What is needed is an exact copy of the line with "How to Prune Old Pear Trees | Garden Guides" and all lines that follow it in the entries below, the last line included.

---- Exercise data

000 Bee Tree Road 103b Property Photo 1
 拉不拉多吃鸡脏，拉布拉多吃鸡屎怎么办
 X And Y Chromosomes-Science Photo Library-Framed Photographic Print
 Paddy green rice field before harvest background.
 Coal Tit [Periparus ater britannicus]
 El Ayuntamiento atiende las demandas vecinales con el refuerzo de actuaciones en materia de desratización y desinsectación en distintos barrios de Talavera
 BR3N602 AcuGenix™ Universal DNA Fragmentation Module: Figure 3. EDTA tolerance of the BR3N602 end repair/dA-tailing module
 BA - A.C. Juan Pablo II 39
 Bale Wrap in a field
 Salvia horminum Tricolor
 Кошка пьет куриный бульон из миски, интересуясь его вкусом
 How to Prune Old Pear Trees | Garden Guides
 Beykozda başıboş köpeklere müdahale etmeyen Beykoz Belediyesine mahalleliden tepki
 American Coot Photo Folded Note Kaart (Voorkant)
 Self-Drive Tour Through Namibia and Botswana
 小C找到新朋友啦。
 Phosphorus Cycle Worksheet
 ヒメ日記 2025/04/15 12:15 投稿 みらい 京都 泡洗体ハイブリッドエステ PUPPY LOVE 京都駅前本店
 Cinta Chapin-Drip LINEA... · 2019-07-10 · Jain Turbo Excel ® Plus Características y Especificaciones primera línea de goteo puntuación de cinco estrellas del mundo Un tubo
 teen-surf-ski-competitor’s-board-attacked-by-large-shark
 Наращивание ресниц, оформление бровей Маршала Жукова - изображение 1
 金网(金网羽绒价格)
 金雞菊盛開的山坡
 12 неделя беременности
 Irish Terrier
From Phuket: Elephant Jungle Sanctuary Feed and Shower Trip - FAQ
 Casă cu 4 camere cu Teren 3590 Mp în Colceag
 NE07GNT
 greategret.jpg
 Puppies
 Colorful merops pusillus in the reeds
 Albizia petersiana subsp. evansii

--------

> _Result of this task_:
 How to Prune Old Pear Trees | Garden Guides
 Beykozda başıboş köpeklere müdahale etmeyen Beykoz Belediyesine mahalleliden tepki
 American Coot Photo Folded Note Kaart (Voorkant)
 Self-Drive Tour Through Namibia and Botswana
 小C找到新朋友啦。
 Phosphorus Cycle Worksheet
 ヒメ日記 2025/04/15 12:15 投稿 みらい 京都 泡洗体ハイブリッドエステ PUPPY LOVE 京都駅前本店
 Cinta Chapin-Drip LINEA... · 2019-07-10 · Jain Turbo Excel ® Plus Características y Especificaciones primera línea de goteo puntuación de cinco estrellas del mundo Un tubo
 teen-surf-ski-competitor’s-board-attacked-by-large-shark
 Наращивание ресниц, оформление бровей Маршала Жукова - изображение 1
 金网(金网羽绒价格)
 金雞菊盛開的山坡
 12 неделя беременности
 Irish Terrier
From Phuket: Elephant Jungle Sanctuary Feed and Shower Trip - FAQ
 Casă cu 4 camere cu Teren 3590 Mp în Colceag
 NE07GNT
 greategret.jpg
 Puppies
 Colorful merops pusillus in the reeds
 Albizia petersiana subsp. evansii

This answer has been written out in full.